* _HOW TO COMPLETE THIS TASK_
Reproduce the data in full, exactly as given, leaving images out.

Segment Start: COLLECTED DATA

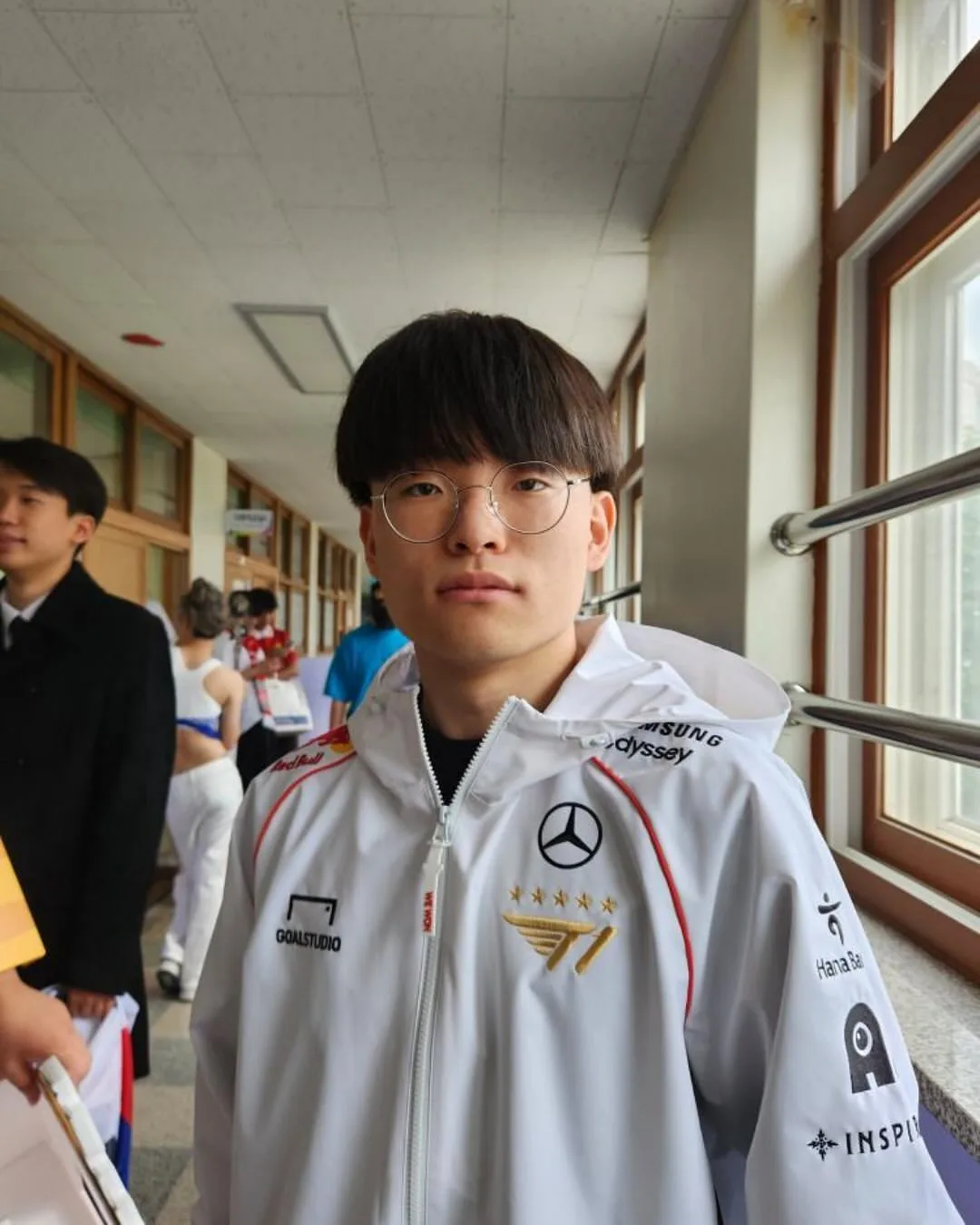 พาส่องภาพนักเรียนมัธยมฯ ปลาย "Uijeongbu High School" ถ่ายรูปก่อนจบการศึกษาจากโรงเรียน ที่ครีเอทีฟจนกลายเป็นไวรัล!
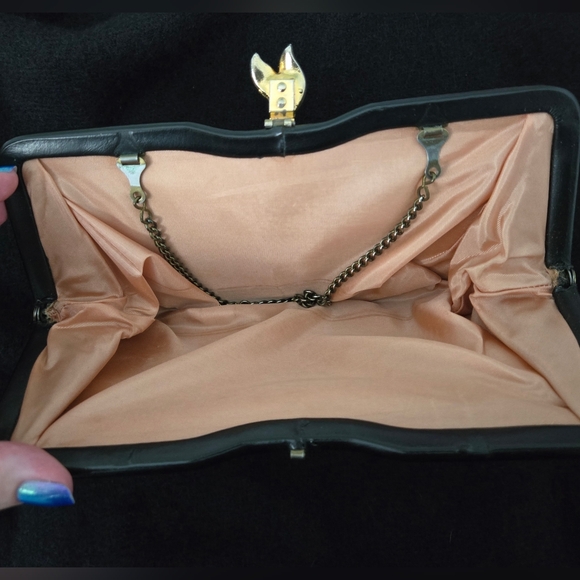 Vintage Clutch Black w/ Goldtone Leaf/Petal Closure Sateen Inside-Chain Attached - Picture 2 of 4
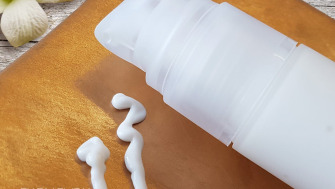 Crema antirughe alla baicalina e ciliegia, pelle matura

Segment End: COLLECTED DATA

* _REPLY_
 พาส่องภาพนักเรียนมัธยมฯ ปลาย "Uijeongbu High School" ถ่ายรูปก่อนจบการศึกษาจากโรงเรียน ที่ครีเอทีฟจนกลายเป็นไวรัล!
 Vintage Clutch Black w/ Goldtone Leaf/Petal Closure Sateen Inside-Chain Attached - Picture 2 of 4
 Crema antirughe alla baicalina e ciliegia, pelle matura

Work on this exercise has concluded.